Describing the now-seemingly-likely exit of Britain from the EU, the head of the IMF says it could “derail Europe’s shaky recovery … and lead to years of financial uncertainty.”
Really? For most of my life there was no EU and the world economy was growing and doing a lot better than it is now, almost everywhere, but especially in the US, Japan, and the Middle East (which is about trashed now except for the few remaining totalitarian oil kingdoms). So, yeah, there is precedent for democracy leading to catastrophic consequences. But let’s be clear about the context. There was previously NO democracy in those regions of the Middle East, whereas democracy has been doing fine in England at least since the Knights of the Round Table (round so that no one not even the king sat at the “head” and was elevated over anyone else).
It seems to me Lagarde has a similar fear mongering message to corral voters into line as did Kaisch and Romney, whom we discussed in a previous post.
Even if our worst nightmares came to pass and Cruz was elected and attempted to implement his anti-Fed gold standard, it seems unlikely that he would succeed, or if he did, that the policy would not be shortly rolled back when the consequences began to be felt. The only thing that would keep the policies from being rolled back is if you keep people from voting! Which seems to be the point of all this fear mongering.
And how is that different than Putin’s disdain for the democratic will of the people of Ukraine to join the EU? Not everyone wants to leave it, just the countries which are doing well, and can you blame them if they have to support all comers? It’s like having an open border policy in the US.
Yes, well, it seems to me that Lagarde, Kaisch, Romney and Putin have something in common. And it is not a burning desire to see the will of the voters prevail.
They have something else in common too. They are not merely fear mongering. They are extorting. That is, they are making threats they intend to back up. Just as Putin made sure Ukraine fell into calamity by financing and arming an invasion of “green men” in unmarked tanks, it seems to me Lagarde (a banker, they are always extortionists) and Kaisch and Romney are all prepared to make sure the consequences are felt, whether it is EU uncertainty or the suicide of the Republican Party.
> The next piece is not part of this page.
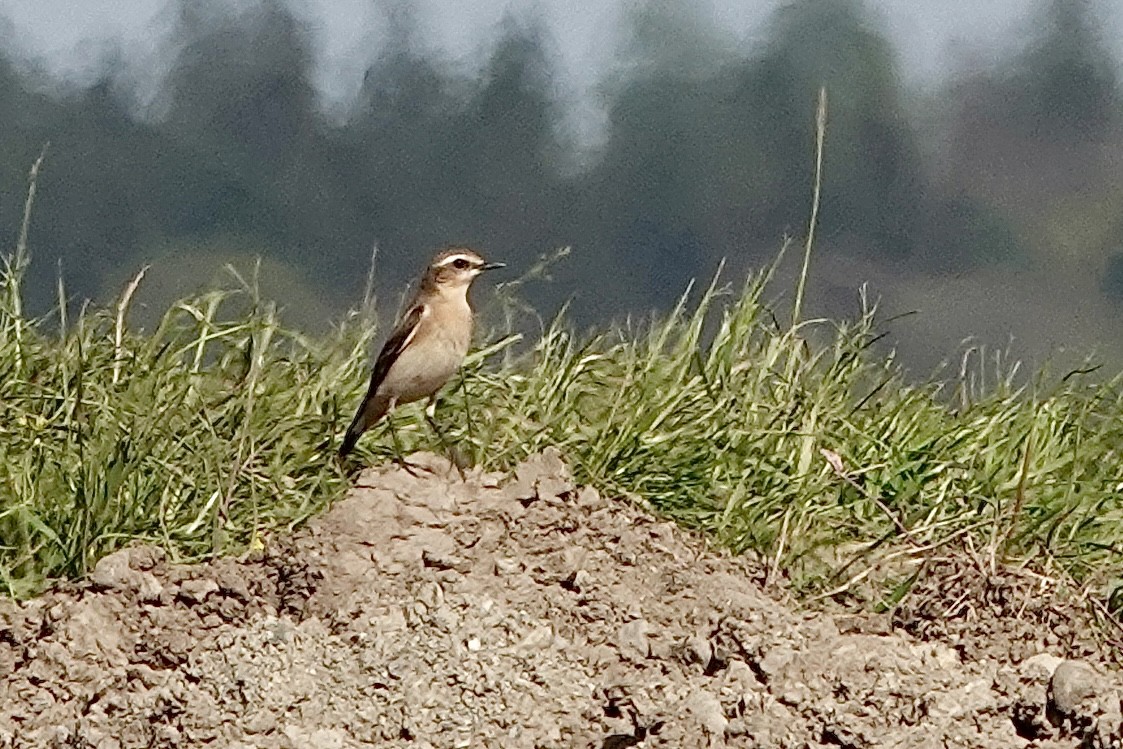 Northern Wheatear - ML617284058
There is in my view only one way to deal with extortionists. You have to make your own well considered decision while carefully ignoring them. And if they act badly afterward, like Putin, you have to fully confront them. If you cave to them, you take a bold step right out onto the world’s most slippery slope. So slippery that it amounts to free fall, complete with the splat at the bottom.
Addendum 4/22/2016 – Obama’s critique of Brexit & Mayor of London’s response:
See BBC article on Obama’s speech about Britain going to the back of the queue on trade deals with the US if it exits the EU. If you read Money, Wealth & War, you already know I consider the EU to be “illegal” under the WTO rules of no preferential trade deals, as well as all other localized deals. In his response, London mayor Boris Johnson points out most of Britain’s trade (73%) is not part of any preferential trade deals and he cites the WTO as making such deals unnecessary. He then points out the US defends its own borders (well, depends on who you ask) and does not cede its sovereignty to any sucking federations. (Well, the states did 2.5 centuries ago.)
Slightly heavy, energetic, with blonde hair, Johnson looks like a younger Trump. Would be interesting to see how trade policy and international entanglements would come untangled if each became head of his own country.